Britain’s Covid-19 levels have risen to their highest in three months, after lockdown restrictions were relaxed to open large parts of the economy.
A total of 212,880 people gave positive test results at least once in the week to October 6, up 2 per cent on the previous week, the latest Test and Trace figures show.
It is the highest number since the week ending July 21, when the figure hit 309,476.
The Government said another 157 people died from Covid-19 as of Thursday, up from 122 the previous week and bringing the UK total to 138,237.

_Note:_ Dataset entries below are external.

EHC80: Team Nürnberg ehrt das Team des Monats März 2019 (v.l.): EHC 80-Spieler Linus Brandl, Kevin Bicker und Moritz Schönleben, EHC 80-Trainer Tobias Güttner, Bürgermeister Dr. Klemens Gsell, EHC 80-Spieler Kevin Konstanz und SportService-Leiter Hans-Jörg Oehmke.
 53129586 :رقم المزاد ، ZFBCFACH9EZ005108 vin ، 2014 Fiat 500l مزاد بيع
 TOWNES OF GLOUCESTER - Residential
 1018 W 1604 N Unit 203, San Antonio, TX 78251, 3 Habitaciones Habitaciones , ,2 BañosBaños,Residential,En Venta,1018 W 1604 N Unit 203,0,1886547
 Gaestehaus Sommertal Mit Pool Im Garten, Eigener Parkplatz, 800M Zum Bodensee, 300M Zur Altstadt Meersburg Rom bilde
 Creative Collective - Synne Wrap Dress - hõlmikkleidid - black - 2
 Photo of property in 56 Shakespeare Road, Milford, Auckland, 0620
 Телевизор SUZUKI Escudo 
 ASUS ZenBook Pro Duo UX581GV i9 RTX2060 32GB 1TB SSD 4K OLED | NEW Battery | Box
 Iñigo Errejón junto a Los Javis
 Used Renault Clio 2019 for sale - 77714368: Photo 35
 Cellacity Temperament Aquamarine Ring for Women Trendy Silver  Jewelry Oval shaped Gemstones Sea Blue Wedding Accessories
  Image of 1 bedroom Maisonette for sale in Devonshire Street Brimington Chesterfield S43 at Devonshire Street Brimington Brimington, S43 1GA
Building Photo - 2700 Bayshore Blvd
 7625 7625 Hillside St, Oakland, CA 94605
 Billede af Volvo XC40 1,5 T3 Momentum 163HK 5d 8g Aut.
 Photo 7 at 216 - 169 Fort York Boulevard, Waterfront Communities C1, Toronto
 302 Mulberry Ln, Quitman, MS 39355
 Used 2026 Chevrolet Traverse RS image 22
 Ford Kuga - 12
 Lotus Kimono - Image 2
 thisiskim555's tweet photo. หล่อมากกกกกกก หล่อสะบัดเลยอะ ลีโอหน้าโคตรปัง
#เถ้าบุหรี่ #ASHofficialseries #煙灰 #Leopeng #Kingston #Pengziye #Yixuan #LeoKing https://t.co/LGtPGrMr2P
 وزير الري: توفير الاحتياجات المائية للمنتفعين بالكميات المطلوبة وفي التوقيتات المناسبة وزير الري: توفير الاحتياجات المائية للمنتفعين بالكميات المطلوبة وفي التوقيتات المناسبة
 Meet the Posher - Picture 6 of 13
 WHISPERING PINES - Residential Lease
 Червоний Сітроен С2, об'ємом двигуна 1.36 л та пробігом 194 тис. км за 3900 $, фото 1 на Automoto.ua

England’s chief medical officer, Prof Chris Whitty, said winter was going to be “exceptionally difficult” for the National Health Service, with Covid infections, flu and a backlog of delayed operations contributing to the pressure.
“In terms of where Covid will go over the winter, well I think the winter as a whole, I regret to say, is going to be exceptionally difficult for the NHS,” Prof Whitty said.
“That is, irrespective of whether we have a relatively low but non-trivial amount of Covid, or whether we actually have a further surge in the winter.”
Mid-July was the last time there was a major surge in Covid-19 cases in England.
The latest numbers are still well below the level reached during the second wave of the virus when Test and Trace figures peaked at 390,282 cases in the week to January 6.
Almost 10 per cent of people who were transferred to Test and Trace in England in the week to October 6 were not reached, meaning they were not able to provide details of recent close contacts.
Anyone in England who tests positive for Covid-19 is transferred to Test and Trace so their contacts can be identified and alerted.
Of 200,074 people transferred to Test and Trace in the most recent week, 19,311 were not reached.
The East Midlands has the highest rate, with 488.7 cases for every 100,000 people in the seven days to October 10, up from 450.
Yorkshire and the Humber has the second highest rate at 453.4, up from 409.0. London has the lowest at 214.2, up from 204.6.